#### Records for the exercise

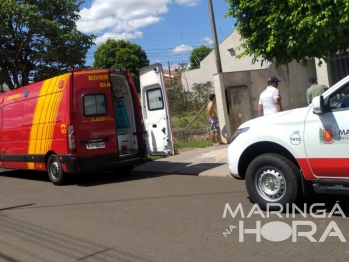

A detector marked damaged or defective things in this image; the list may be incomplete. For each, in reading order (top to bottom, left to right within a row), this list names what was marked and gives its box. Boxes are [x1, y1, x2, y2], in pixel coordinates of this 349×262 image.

rusty metal gate [328, 53, 346, 85]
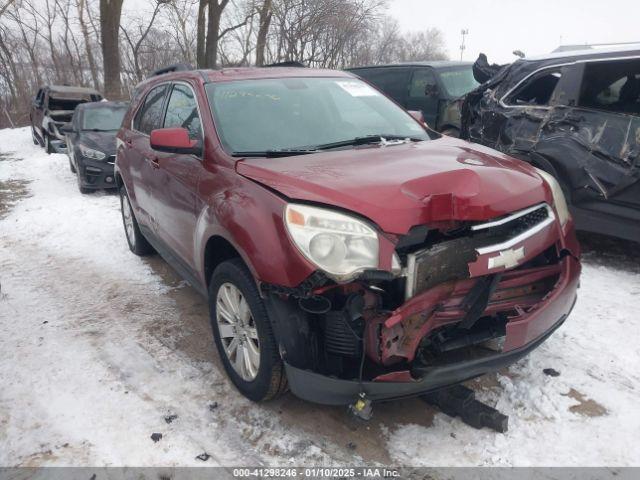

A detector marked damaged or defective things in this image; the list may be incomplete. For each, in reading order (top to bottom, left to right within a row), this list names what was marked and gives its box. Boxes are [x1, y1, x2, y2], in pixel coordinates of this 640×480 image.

cracked headlight [79, 144, 106, 161]
cracked headlight [282, 203, 378, 282]
damaged chevrolet equinox [114, 65, 580, 404]
collision damage [462, 50, 640, 242]
cracked headlight [536, 168, 568, 228]
crushed front bumper [284, 255, 580, 404]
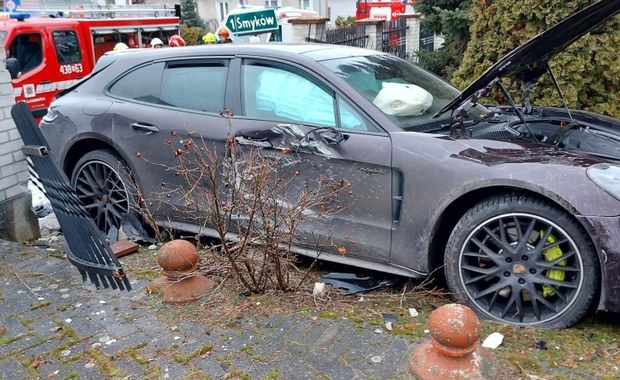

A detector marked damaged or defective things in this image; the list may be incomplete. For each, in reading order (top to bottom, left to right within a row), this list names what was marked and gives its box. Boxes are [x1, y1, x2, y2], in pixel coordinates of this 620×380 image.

damaged car hood [436, 0, 620, 117]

########

Take the lines from the one containing "this 620×380 image." through the final line of the entries above, and set them down exactly, with nothing added.

Exercise solution —
A detector marked damaged or defective things in this image; the list may be incomplete. For each, in reading order (top to bottom, left to right within a row), this list names what was marked and gives its box. Boxes are [x1, y1, x2, y2], in pixel coordinates of this 620×380 image.

damaged car hood [436, 0, 620, 117]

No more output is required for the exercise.